Cambridge Studies in Advanced Mathematics 160. Cambridge: Cambridge University Press (ISBN 978-1-107-17555-6/hbk; 978-1-316-79857-7/ebook). vii, 160 p. (2016).
Let \(G\) be a finite group. An ordinary representation for \(G\) is a homomorphism \(T\) from \(G\) to \(\mathrm{GL}^n(C)\), the multiplicative group of \(n\) by \(n\) invertible matrices over the complex field \(C\). The character afforded by \(T\) is a function \(\chi\) from \(G\) to \(C\) defined by \(\chi(g)=\mathrm{tr}(T(g))\) for all \(g\in G\). If there is no non-zero and proper subspace of \(C^n\) invariant under \(T\), then \(T\), as well as \(\chi\), is called an irreducible representation, as well as an irreducible character of \(G\). The theory of group representations came to existance when character theory of abelian groups in particular was used for the first time by Gaus and Dirichlet in the context of number theory. But later the theory was generalized by Frobenius to any finite abelian group. The representation theory of finite groups emerged around the turn of the century by the works of Frobenius, Schur, Burnside and Brauer. For a brief history of the subject, see [C. W. Curtis, Pioneers of representation theory: Frobenius, Burnside, Schur, and Brauer. Providence, RI: American Mathematical Society; London: London Mathematical Society (1999; Zbl 0939.01007)]. The representation theory and consequently the character theory of the finite symmetric group \(S_n\) is simple but an important special case. Alfred Young found a natural class of all the irreducible representations of \(S_n\) in terms of Young tableaux. For an account of irreducible characters of \(S_n\), one is referred to [D. E. Littlewood, the theory of group characters and matrix representations of groups. 2nd ed. London: Geoffrey Cumberledge; Oxford University Press (1950; Zbl 0038.16504)] and [B. E. Sagan, The symmetric group. Representations, combinatorial algorithms, and symmetric functions. Pacific Grove, CA: Wadsworth & Brooks/Cole Advanced Books & Software (1991; Zbl 0823.05061)].
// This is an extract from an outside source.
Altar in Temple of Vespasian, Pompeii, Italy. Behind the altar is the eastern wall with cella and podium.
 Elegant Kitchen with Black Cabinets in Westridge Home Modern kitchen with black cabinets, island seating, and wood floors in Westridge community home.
In the book under review, representations and characters of the infinite symmetric group are investigated. The infinite symmetric group is denoted by \(S(\infty)\) and is defined as the group of all finite permutations of the set of natural numbers \(\{1,2,3,\dots\}\). The character theory for \(S(\infty)\) was independently discovered by E. Thoma [Math. Z. 85, 40–61 (1964; Zbl 0192.12402)].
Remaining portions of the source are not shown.